I also want to add that as of right now, this minute, there are 19,661 Pit or Pit mixes looking for homes (Thru Rescues & Shelters) in the US.....This does not include 1000's that are not counted in other places that do not list with "Petfinder.com"....Most will be euthanized on Fridays because it is not possible to fulfill this enormous amount.....Please think about these statistics before you consider adding to them......Thank you, Karla
First of all, I am glad your dog survived this, as many do not.
My dog survived Parvo as well, at 3 years old. She lived to be an incredibly fit, healthy, athletic dog, and died age nearly 15.
You say the Parvo infection was a year ago...well both the house and the environment OUGHT to be free of it by now. I picked up some info. on this website, as I was unsure how long the virus lasts in the environment:
Indoors, virus loses its infectivity within one month; therefore, it should be safe to introduce a new puppy indoors one month after the active infection has ended.
Freezing is completely protective to the virus. If the outdoors is contaminated and is frozen, one must wait for it to thaw out before safely introducing a new puppy.
Shaded areas should be considered contaminated for seven months.
Areas with good sunlight exposure should be considered contaminated for five months.
However, do think twice about letting her have pups. There are lots of things to bear in mind....her health (although age 2 isn't too young to have pups, is she strong, fit and well? What condition is the "father" in? Does he have any genetic disorders that could be passed down to the pups and cause them suffering in the future? Can you afford vets bills for the whole pregnancy, birth -in case of emergencies like eclampsia or caesarian- are your finances able to cope with the vets bills for possibly (8)?? pups or even more, for their health checks, shots, and all?
And when it comes down to having a houseful of dogs....do you intend to find "good homes" for each pup?
I spoke to a Dog Rescue lady and she was heartbroken about how many pups and young dogs are brought to the Rescue simply because the "good home" a pp went to turned out to be anything but. People will 'dump' their dog sometimes (yes -unbelievable, isn't it?) -for all these reasons:
They are moving home and can't have pets.
They are getting divorced.
They are having a new baby and don't want a dog around.
There are many other reasons she quoted for these poor abandoned dogs (who were someone's pups once -given or sold to "good homes"....
So please do think seriously about this.
Why do you want to breed your dog? And a year old us much too young to be breed. Breeding should only be done by those that want to keep the integrity and health of a breed intact.

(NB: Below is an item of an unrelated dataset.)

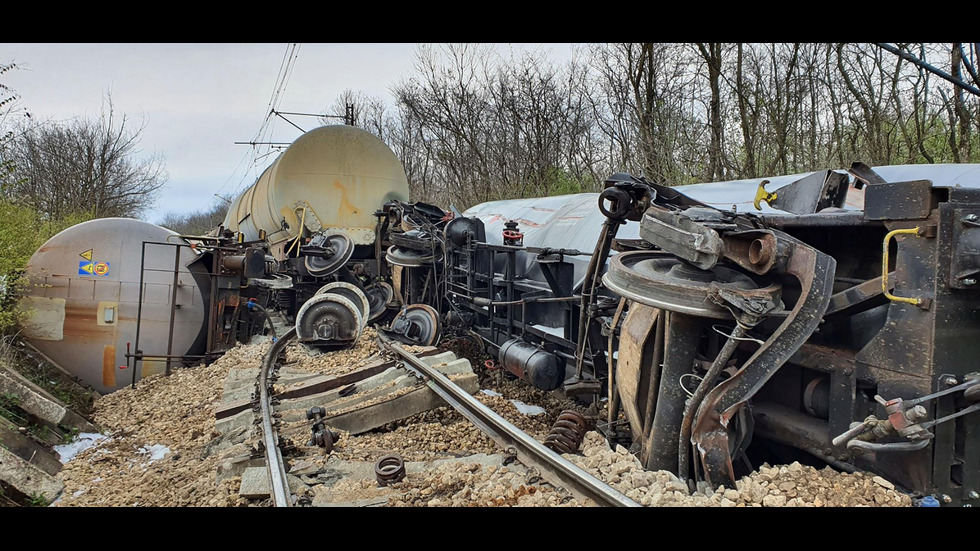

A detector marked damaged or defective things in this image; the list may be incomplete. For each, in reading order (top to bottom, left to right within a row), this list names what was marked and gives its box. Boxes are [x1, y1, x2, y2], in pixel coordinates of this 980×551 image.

rusty tank end [19, 218, 208, 394]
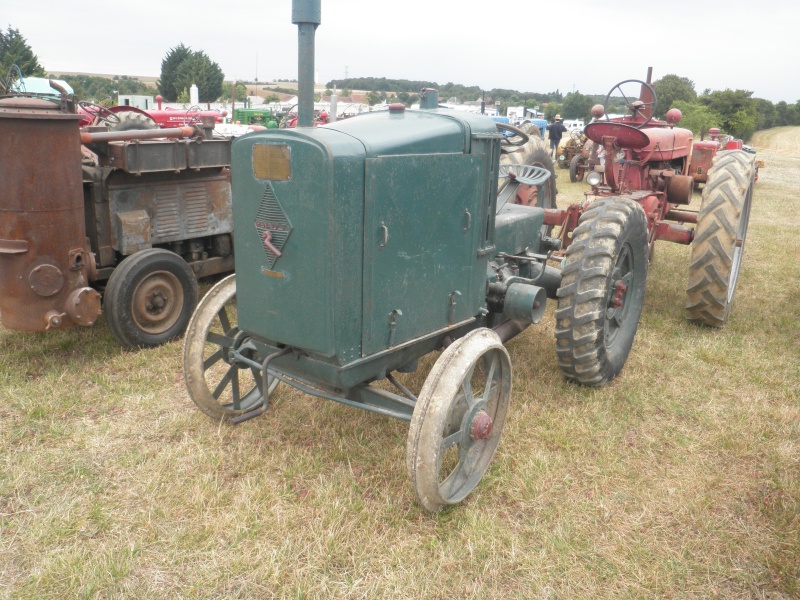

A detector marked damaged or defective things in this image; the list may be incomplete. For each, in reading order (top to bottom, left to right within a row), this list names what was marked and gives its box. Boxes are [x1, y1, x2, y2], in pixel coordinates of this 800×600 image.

There is no evidence that I have read that she would pass the Virus on to the pups, however, Parvo can have long term affects on your dog. Add to that, if you are in the same environment, you could certainly have active Parvo there which would expose any new puppies to it. You could then end up with an entire litter infected.
Please leave breeding to those that want to maintain the integrity of a breed and get your dog spay. It will be healthier fir her in the long run.
Look up possible complications of breeding dogs.